Our third course of anticipated rejection is a new tune for “Blest are the Innocents” by Sylvia Dunstan. This text is about the Slaughter of the Innocents, when Herod killed every male under two in the hopes of killing Jesus, the prophesied King. So it’s no upbeat ditty, to be sure.
According to an article in Reformed Worship, Dunstan wrote the text with the 10.10.10.10 tune SLANE (“Be Thou My Vision”) in mind. The editors of Reformed Worship, who are also the editors of Faith Alive’s new hymnal, feel that SLANE’s positive associations will be in tension with the grim subject matter of the text. In the RW article they suggested using SLANE in a minor key arrangement.

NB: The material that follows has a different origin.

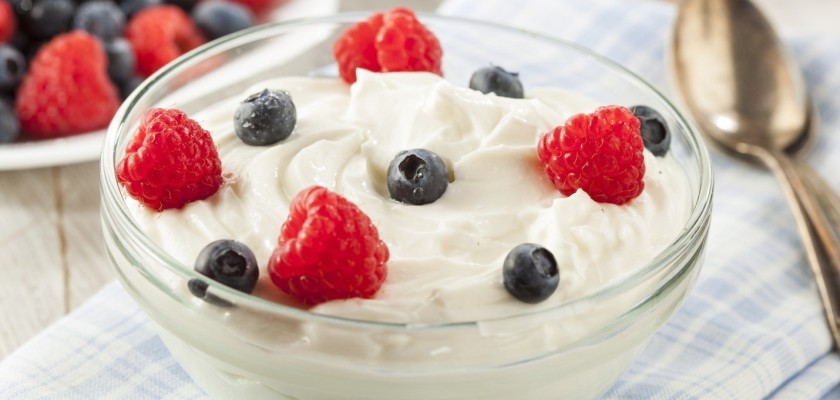 Jogurtas probiotikai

I stayed pretty close to SLANE in my new tune. It’s in C minor, which is the relative minor key to SLANE’s Eb major. It has four phrases in 3/4 time that unfold similarly to SLANE. It’s mostly pentatonic, which is what gives SLANE its folk flavor. The main difference is that I never let my melody peak on the high Eb in the third phrase. This might sound like a small deal, but pentatonic melodies are all about the shape of the line. Letting a melody slowly blossom to the highest note of the scale is a way of really making a melody soar. (Keith Getty, I know what you’re doing.) I decided that for a text of this nature, never quite reaching the melodic goal would convey the brokenness of the subject matter. It’s a subtle touch, but I think it works.